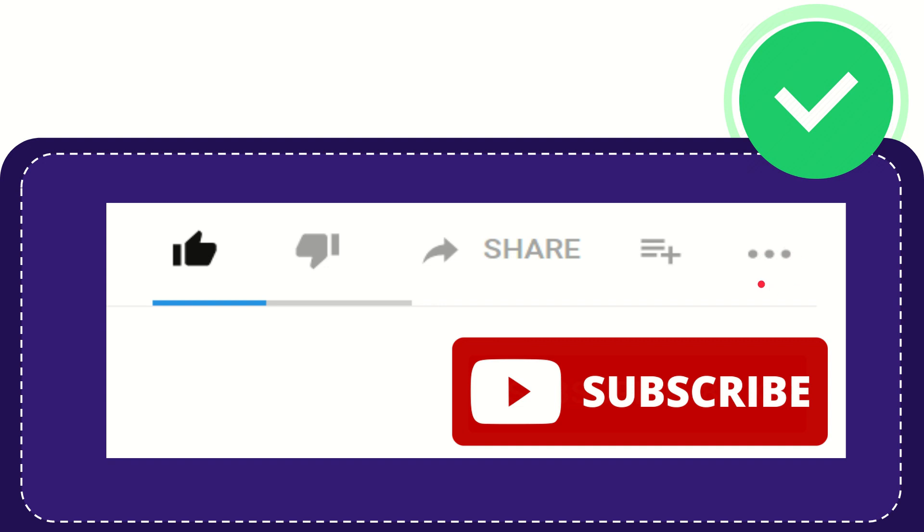And yeah, don't forget to subscribe. I think that's all of it. Thank you so much for watching this video, and see you again in another video. Bye-bye, see you again.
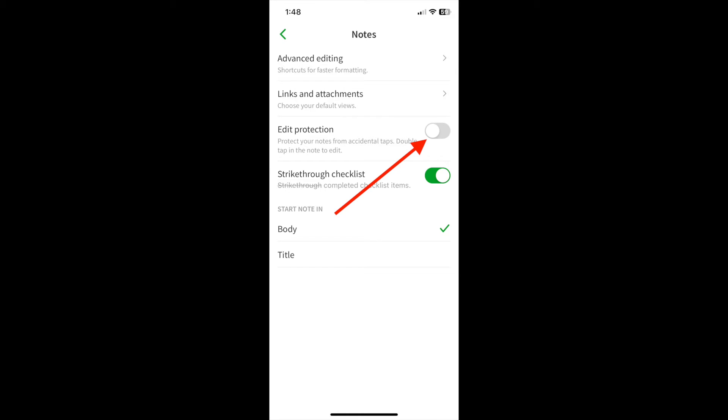And finally, do you want your note to begin with the title or a body of a note? That's where you start. I start with the body of the note, but that's personal preference.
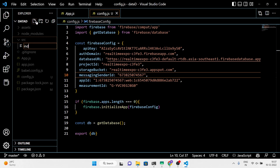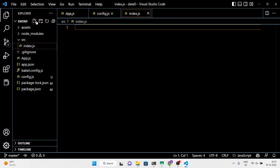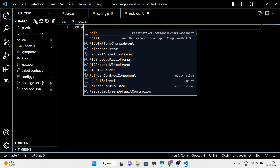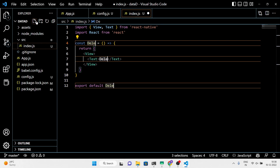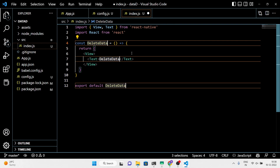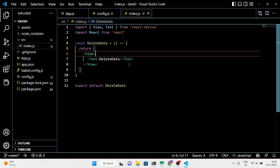Now I will customize the project by creating a separate JavaScript file. In that file, I will write the code to delete the data in the real-time Firebase database.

**What is being asked:** All of the material above is to be retyped verbatim, with its pictures omitted.

**Reply to the exercise:**
And yeah, don't forget to subscribe. I think that's all of it. Thank you so much for watching this video, and see you again in another video. Bye-bye, see you again.
And finally, do you want your note to begin with the title or a body of a note? That's where you start. I start with the body of the note, but that's personal preference.
Now I will customize the project by creating a separate JavaScript file. In that file, I will write the code to delete the data in the real-time Firebase database.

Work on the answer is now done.